Of course, that’s easy to say now. It wasn’t until fairly recently that Nocerino started to show signs of becoming the player he is today. He was on the margins at Palermo, down on his luck and had even asked to be sold. Then Delio Rossi arrived and little by little, piece by piece, he started to put together a series of reliable if unexceptional performances. Though their positions are different, for a time, he was Italy’s Alvaro Arbeloa. Always a 7 out of 10, rarely higher, but crucially never lower either.


“Nocerino is not Johan Cruyff,” Rossi put it bluntly to La Gazzetta dello Sport. “But he is a good player and his story is one that reconciles you with football.” Why? Because he got to Milan, not on ability alone, but through force of his own will. For that reason, he has been likened to Rino Gattuso, not because of where they play on the pitch, rather on account of the fact they’ve made up for any of their shortcomings with heart and desire. Nothing has ever been handed to them on a plate. They’ve had to fight to get to where they are today and constantly better themselves.

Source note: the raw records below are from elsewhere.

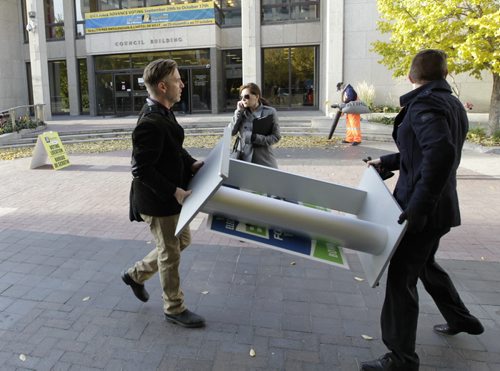 On the move. Brian Bowman team members move the podium from the City Hall court yard Wednesday morning after being informed they can't have a campaign announcement within 50 metres of a poling station.Aldo Santin Story Wayne Glowacki/ Winnipeg Free Press Oct. 15 2014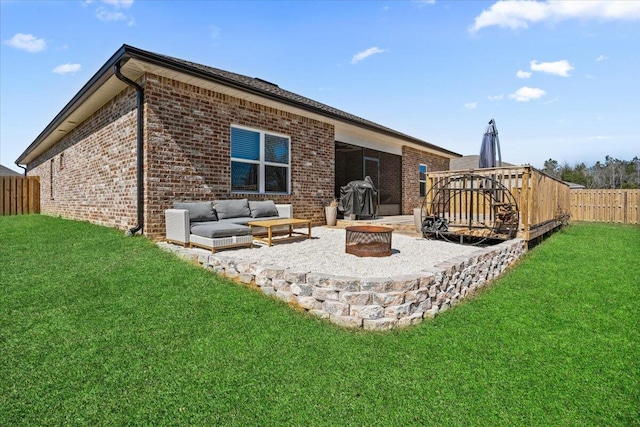 back of house with a patio, brick siding, fence, a lawn, and an outdoor living space with a fire pit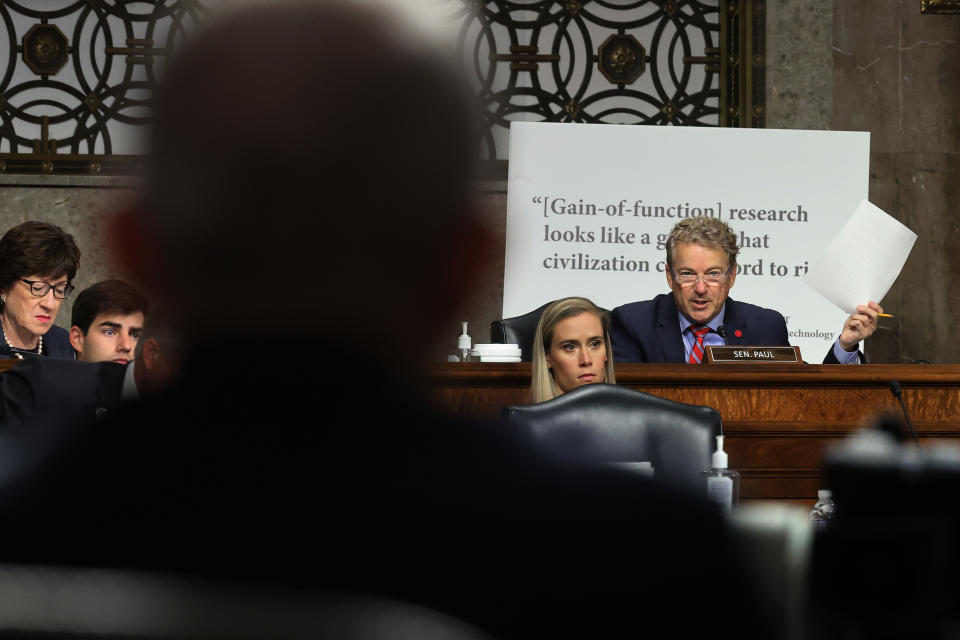 Sen. Rand Paul, holding a document, Dr. Anthony Fauci during a Senate committee hearing.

As Rossi suggests, it’s rewarding to watch a player like Nocerino succeed. After Zlatan Ibrahimovic, he is Milan’s top scorer with seven goals. Not since Romeo Benetti in 1973 has a midfielder scored that many in a season for the club, and lest we forget the current campaign has only just gone past the half-way mark.  His hat-trick against Parma on October 26 led Galliani to believe he had seen a ghost. “I looked at the shirt number and asked myself who’d bought Kaká back from Real Madrid. Only it wasn’t Ricky, it was Nocerino.”


Or perhaps that should be Nocerinho? “C’mon,” he scoffed. “I’m not Ronaldo. I wasn’t a bad player before, but nor am I Platini now either.” Humble to a fault, Nocerino should give himself a break.  He puts his form down to playing “with monsters of the game every week who send me through on goal” like Ibrahimovic did so wonderfully against Cagliari at the weekend, and claims that the only thing he’s capable of beating anyone at in the Milan dressing room is getting tattoos. “I’ve got 25,” he boasts.


Far from being a stain on Milan, as many of the fans thought he would be, Nocerino has been a revelation in much the same way the now ‘all-sexed out’ Kevin-Prince Boateng was last season. Wednesday night’s 2-0 defeat to Lazio was a setback in the title race but that shouldn’t take anything away from his overall contribution in his debut campaign in Rossonero. There’s a lot of hard work ahead for Milan if they are to retain their title. With that in mind, it’s a good job then that they have as hard a worker in their ranks as Nocerino.